In jüngster Zeit interessiere ich mich dafür, wie Stoff zu einem Träger menschlicher Gefühle werden kann. Indem ich immer wieder vergessene, beschädigte Textilien in der städtischen Umgebung betrachtete, begann ich eine gewisse Ähnlichkeit zwischen meinen eigenen Emotionen und den Emotionen zu sehen, die von diesem leblosen Stück Textil getragen zu werden schienen, das seinen Weg in einen Baum, einen Zaun, einen Stacheldraht oder hinter ein Fenster gefunden hatte. Ich denke, es ist diese Ähnlichkeit, die ich in meinen Arbeiten erforschen möchte.
Sie arbeiten gerade auch an einem persönlichen Projekt, bei dem Sie männliche Duo fotografieren, die sich gegenseitig halten, heben und stützen. Ich war davon wirklich fasziniert, weil ich die Verbindung zu Ihren Skulpturen sofort erkannte. Ist dieser Akt des «Haltens, Hebens und Stützens» nicht auch genau das, was die Stoffe und Gewänder auch in Ihren spannungsgeladenen Installationen tun?
Ja. Die Fotografien sind nur ein weiterer Versuch, diesem Interesse näher zu kommen, oder zumindest ein Versuch, diesem Interesse auf andere Weise näher zu kommen, als es eine Skulptur tun kann.
All diese verschiedenen Arten des Haltens und der Unterstützung haben damit zu tun, was passiert, wenn die Unterstützung brüchig ist und wenn sie nicht mehr vorhanden ist.
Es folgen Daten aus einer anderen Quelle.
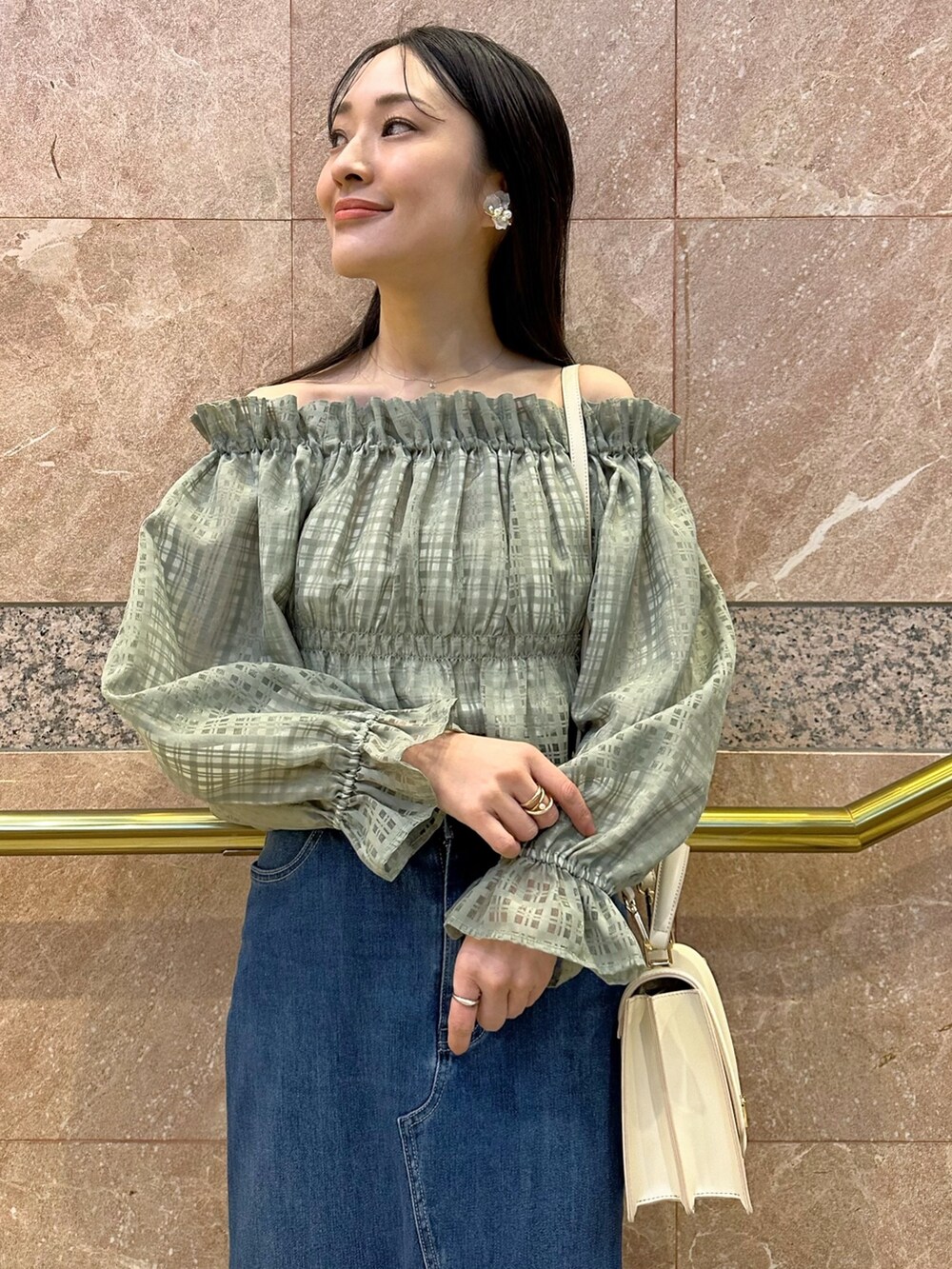 グリーン系のシャツ/ブラウス、ブルー系のデニムスカート、ベージュ系のパンプスを着用したレディースの冬コーディネートの5枚目の写真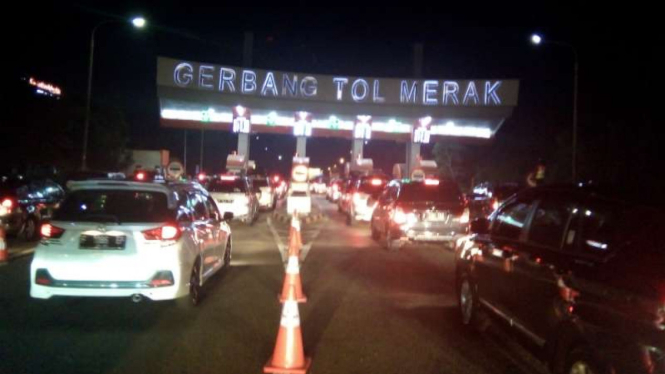 Gerbang Tol Merak 
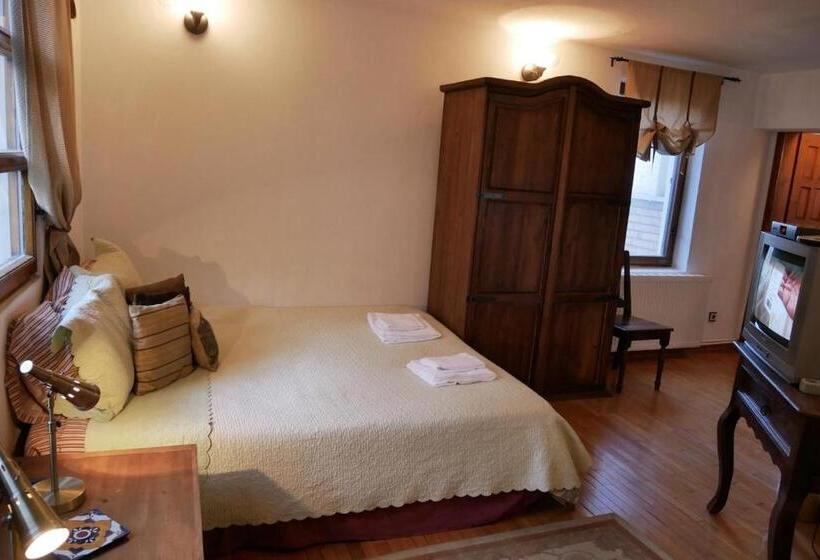 호텔 Castle Cottage Bed & Breakfast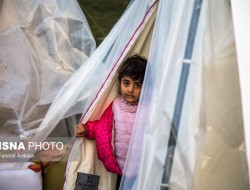 مردم سرپل‌ذهاب هنوز زیر چادر زندگی می‌کنند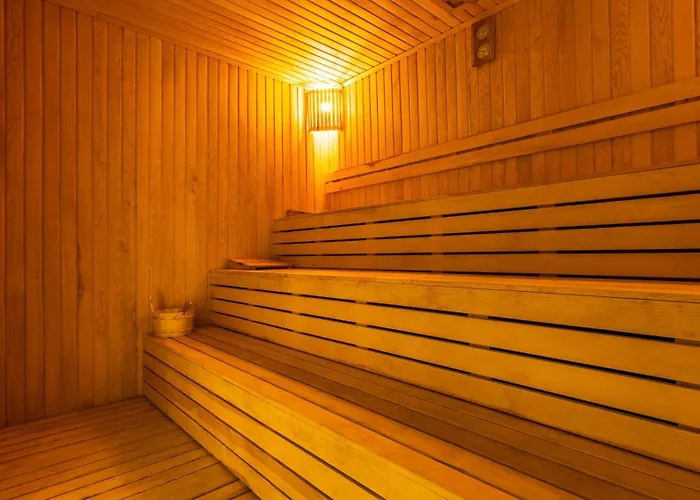 Four Hills 3*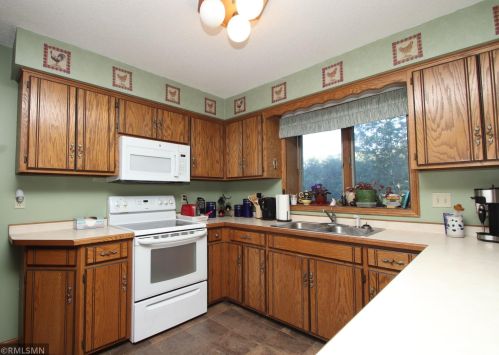 911 Julie Dr, Saint Cloud, MN 56303-0916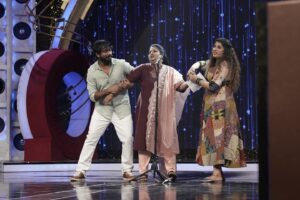 Salma Arun Instagram - Catch us on Start music season 5
On Sunday @8 pm 
30th June 

#startmusic #vijaytelevision #siragadikkaaasai #sateam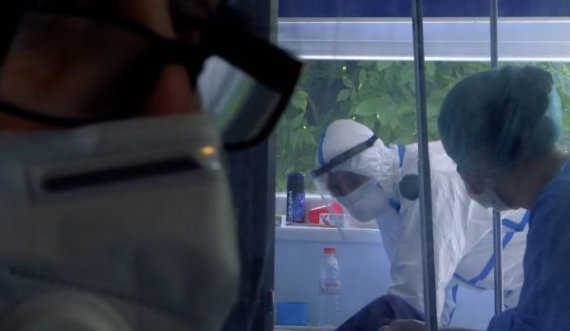 40 punëtorë shëndetësorë për dy javë u infektuan në Prishtinë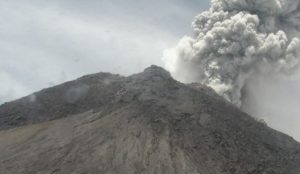 Gunung Merapi Erupsi, Kolom Abu Capai Tinggi 5 Ribu Meter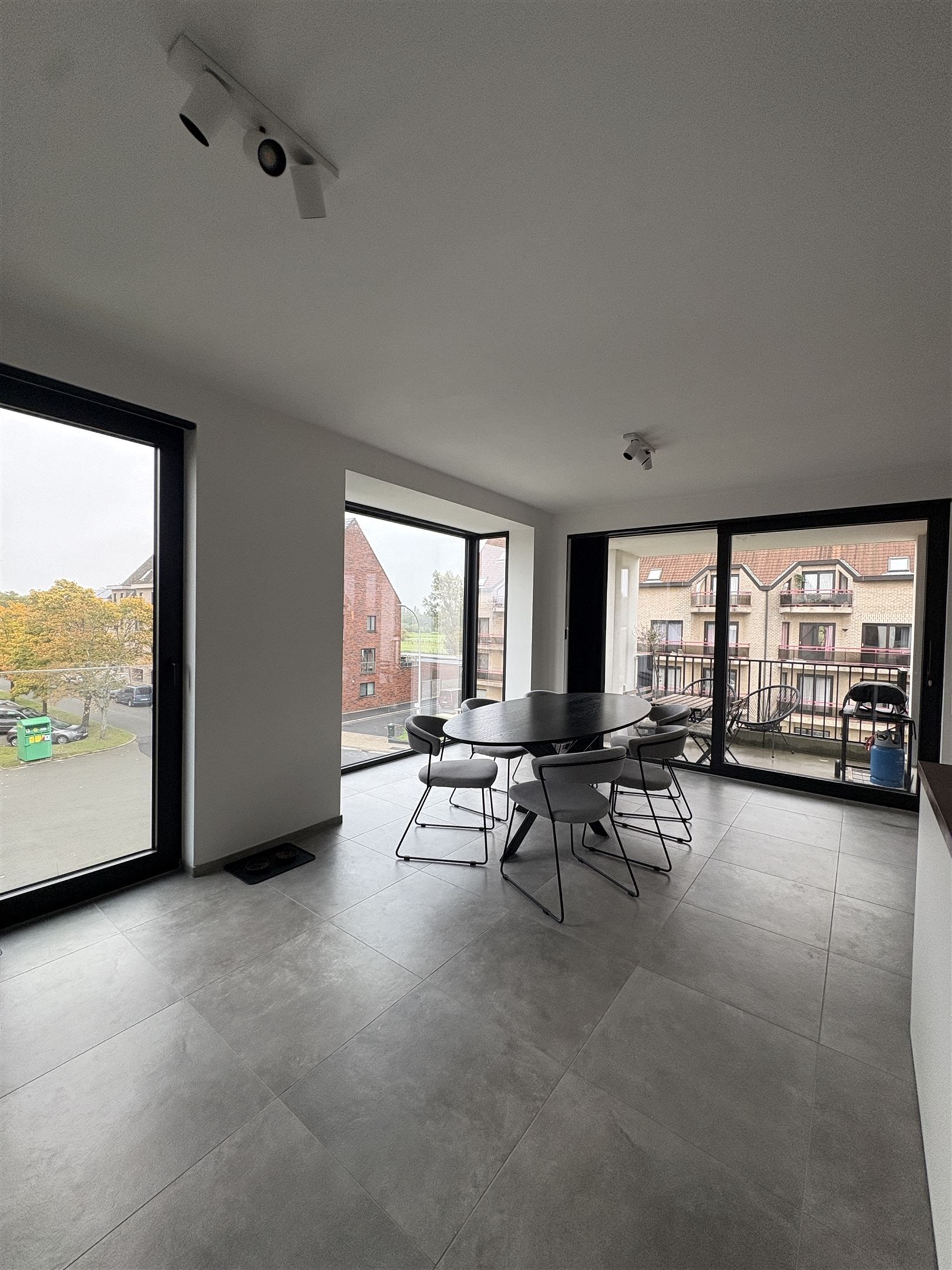 Nieuwbouw app te huur in centrum Eine foto 4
Was passiert mit einer Struktur, wenn ein Teil gelockert wird? Was passiert, wenn ein Stück Gewand zerschnitten wird, ein Stoffknoten gelöst wird? Wenn eine Skulptur zerbrechlich wird, scheint sie viel mehr zu mir in Beziehung treten zu können. Ihre Zerbrechlichkeit ist real und wird für mich zu einer klaren Metapher. Sie versucht, über das menschliche Leben zu sprechen, über menschliche Erfahrungen, die oft auch zerbrechlich sind. Leben bedeutet, sich zu stellen und der ständigen Möglichkeit des Zusammenbruchs und Verfalls ausgesetzt zu sein.
In einer kürzlich entstandenen Installation mit dem Titel «Falling Failling» habe ich Metall- und Plexiglasrohre mit grossen, weiss genähten Bändern an Metallstrukturen befestigt. Diese Bänder waren die sichtbare Verbindung, mit der die Struktur zusammengehalten wurde. Für mich wurden diese Textilien fast zu Bandagen, die die Elemente zusammenhielten. Einige grosse Bänder waren mit weissem Text bestickt.
Auch bei der Arbeit an einem Werk mit dem Titel «Empathy» habe ich viel über den möglichen Zusammenbruch nachgedacht. Diese Skulptur besteht aus 10 rechteckigen Gipsblöcken. Jeder dieser Blöcke hat eine andere Struktur aus Stoff in sich, die vor dem Giessen des Gipses in die Formen konstruiert wurde. Danach habe ich an und mit diesen Blöcken herumgeschnitzt, geschlagen und zerschlagen, um diese Gewebestruktur freizulegen, die sich in dem erstarrten Gips verfangen hatte.
Irgendwie wollte ich wieder freilegen, was darin war. Die freigelegte Gewebekonstruktion diente als Ausgangspunkt, um diese einzelnen Blöcke in einer grösseren Konstellation miteinander zu verbinden. Wenn ein Seil oder ein Knoten gelöst oder durchgeschnitten wird, beginnt die Skulptur auseinanderzufallen, so dass im Grunde jedes Teil sehr stark von einem anderen abhängig ist und buchstäblich von einer gemeinsamen Verbindung gehalten wird.
Da Ihr Aufenthalt in den Picton Studios bald zu Ende geht: Worauf freuen Sie sich im nächsten Jahr?
Es gibt einige Projekte, auf die ich mich sehr freue. Ich nehme an einer Forschungsgruppe namens «Forms Of Life» teil, und mit dieser Gruppe arbeiten wir an der Möglichkeit einer Gruppenausstellung oder eines Kurzzeitaufenthalts im Kulturzentrum «Bridderhaus» bei Luxemburg. Anfang 2023 besteht wahrscheinlich auch die Möglichkeit, einige meiner Arbeiten in den Schaufenstern von Selfridges zu installieren.
Im Moment ist das Atelier, in dem ich arbeite, ein ziemlich sauberer Raum. Das hat meine Arbeit sehr verändert, was auch interessant ist, aber ich freue mich schon sehr darauf, wenn ich in einem Raum arbeiten kann, der dazu einlädt, auch mit Material und Größe zu experimentieren.
Dieses Interview wurde von Englisch auf Deutsch übersetzt.